NRC RAI 25 Please provide the bases for the overall latent debris transport fractions for the non-spray cases in Tables 3.e.6-8 through 3.e.6-12.

SNC Response to RAI 25 Similar to the inconsistency in the unqualified coatings debris transport described in the response to RAI 24, there was also a discrepancy in the overall debris transport fractions for latent debris in Tables 3.e.6-8 through 3.e.6-12 [Ref. 1, pp. E5-51 to E5-53]. The debris transport calculation took credit for 75% of the latent debris being in upper containment, which resulted in some latent debris being retained in upper containment for cases where the containment sprays are not initiated.

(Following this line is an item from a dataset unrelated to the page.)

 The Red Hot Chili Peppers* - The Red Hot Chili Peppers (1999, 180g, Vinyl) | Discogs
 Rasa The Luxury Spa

However, for the NARWHAL model it was conservatively assumed that 100% of the fine debris is in the containment pool at the start of the event. Given that 2% transports to the inactive elevator cavity and 3% transports to the four strainers during the pool fill phase [Ref. 1, p. E5-47], 95% of the latent debris would be in the active pool at the start of the recirculation phase. The recirculation transport fraction for fine debris is 100% [Ref. 1, p. E5-46], resulting in a total overall transport of 98% to the strainers (3%

pool fill transport plus 95% recirculation transport). The treatment of latent debris was not changed in the recent modifications to the NARWHAL model discussed in the response to RAI 24.

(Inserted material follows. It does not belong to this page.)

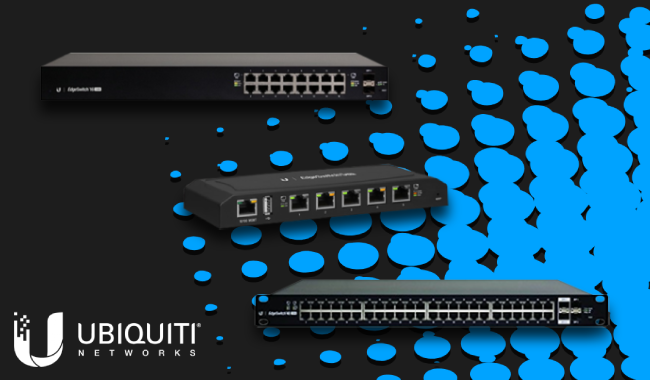 broadbandbuyer's tweet photo. Use this easy reference chart to compare the PoE EdgeSwitch switches from Ubiquiti https://t.co/mR4ROR9e6B https://t.co/FMzjewuIqe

NRC RAI 26 Section 3.e.1 of Enclosure 5 states that the location of each type and size of debris at the beginning of recirculation was determined based on the location of the break. Larger debris may remain closer to the break location. Section 3.e.6 describes recirculation transport cases that were applied to various break locations.

a. Please describe how debris locations at the start of recirculation were determined, including the effects of blowdown, pool fill, and washdown. If the some of the effects are not accounted for in the model, please describe how the evaluation ensures that the model is conservative. Alternatively, please confirm that risk is not underestimated.

b. Please describe which recirculation transport cases from Tables 3.e.6-4 through 3.e.6-6 were applied to corresponding break location cases.

c.

Please clarify whether the CFO results used in the transport analysis were steady state values input at the start of the recirculation transport or if the values were changing based on stagnant conditions at the start of recirculation.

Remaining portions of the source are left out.